Яшар-муаллим был обтекаемых кондиций, не тощий, но и не сверх меры упитан, гладок и, для солидности, пещерист, череп так облетел, что будто и не поредела прическа, а убрана предусмотрительно про запас, одет с обветшалой опрятностью, в пиджачную чесучовую пару и фуражку чиновника телеграфного ведомства, модную также в речном пароходстве. Непромокаемый задор в округлом, ртутном старичке, но к старости я отношусь безо всякого умиления, старички, взъерошенно проказливые или остепенившиеся, вырастают из нимало не умилительных взрослых. От шуточек и улыбок его веселья не было никакого, они вызывали недоумение, хорошо, не столбняк.

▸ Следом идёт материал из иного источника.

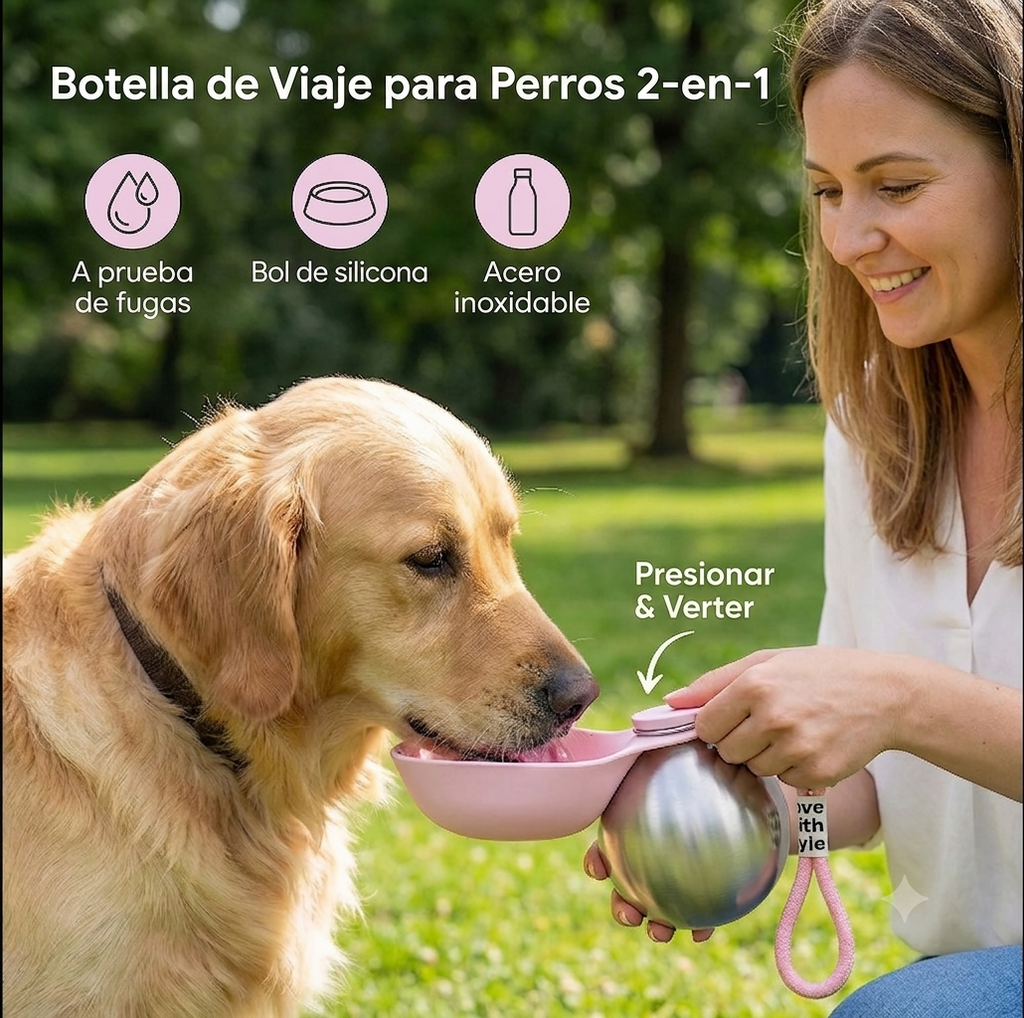 Botella de viaje 2 en 1 para perros: botella de agua de acero inoxidable a prueba de fugas con cuenco de silicona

В народе Яшара-муаллима звали Эли-эфенди, бывший человек, за любовь якобы только к прошлому, и, эту репутацию освежая, он в дядиных закромах покупал то золоченых крохотных ящерок, то с отбитой ручкою чайничек, то стрекозиной формы брошь для истлевшего платья, то зубчики и осколки, остраконы из заброшенных раскопов — чепуху, историей отринутую мелочь брал за грош, забивал ею логово, с чем предстояло мне свыкнуться, а речь держал о том, что прежде было лучше. И очень сильные, глубокие глаза в орбитах, глаза, переливающиеся всеми средними цветами спектра, от зеленого до синего — с тревожащими, пронзительными зрачками. Молва наделяла его уменьем гадать, находить с лозой подпочвенные воды, и выбивающейся биографией, в которой, среди прочих отклонений, вроде отказа от доходного места и почтительного, не ради денег переписывания святых книг при саркастическом небрежении официальной божественностью, выпирала совсем уж для мусульманина дикая выходка — работа в еврейской экспедиции под руководством неизвестного в ученом обществе этнографа с загадочным именем, коего пропавшая сердцевина, перечеркнутая дефисом между первым и третьим слогами, затягивала в омут неразглашения и подлинную задачу похода, посвященного не сбору коллекций, а розыску и постановке на службу плененных диббуков. Я поступил к Яшару-муаллиму красно занявшимся студеным утром декабря. Южные зимы, усугубляясь волнением, обожают пускать в ход пробирающую радиацию. Мне было холодно и зябко, как дитяте Хачатуру, свернувшемуся на рассвете в калачик».